Little changes, like changing the name of Benjamin's father, suggest Roth may not have even read the story. The bigger changes, like making it so that Benjamin's emotions reflect his age, not his body's age, pretty much confirm that Roth couldn't have. Worse, they take the heart of what Fitzgerald was doing with his story, and turn it upside down.
Fitzgerald wrote a whimsical tale musing on how, even if our bodies aged backwards, certain things remain the same. A person whose body looks and feels 70 will behave like a 70 year old, even if he's a newborn. And a person whose body looks and feels like a teenager will mope and have out of control emotions, even if he's been alive for 50+ years and experienced a lifetime of wisdom.
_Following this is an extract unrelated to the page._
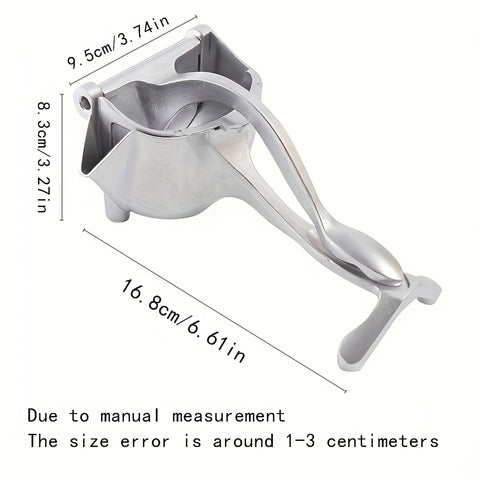 Manual Juicer/Lemon Squeezer/Multi-Functional Hand Press Fruit Extractor with Citrus Clamp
In the movie, however, Benjamin is just a person with an odd physical disability. For the first 10 years of his life, his moods were those of a child growing from 0-10 years old, even if his body looked like an old man's. This way of emotionally aging continued throughout the film, or at least as far as I could tolerate watching it.
I suspect this was done to make the epic love story they tried to build not seem creepy (guess Fincher lost that one). You see, when Benjamin has a 70 year old body, he's really 13, so it's okay that he gets a crush on a 13 year old girl.
There are changes everywhere. Some, like the father's name, seem kinda pointless, but don't really betray the spirit of the short story. Others, like giving Benjamin a happy home of senior citizens to grow up in, continue to miss the entire point of the story.
Like I said, everyone knows a story has to change to become a film.
But get the spirit of the piece right.
Then there's the pointless, pretentious and boring part. That makes it all the more painful because at least if it were a complete betrayal of Fitzgerald and a decent film, I might have watched the whole thing.
Anyway, if you saw this movie, you have my condolences. If you haven't, don't bother. Check out the original story, or if you want something more visual, check out what Kevin Cornell's done with it.
I'm not just pimping our stuff here - I think you should all check out the prose story first and foremost (though I'd love it if you checked out the graphic novel).
I'm just trying to undo the damage this story has taken at the hands of people who really should have known better. Because if they didn't respect the Fitzgerald story, why'd they want to make a movie of it?
Besides, if they don't have any respect at all for F. Scott Fitzgerald, they don't deserve any of my respect or time.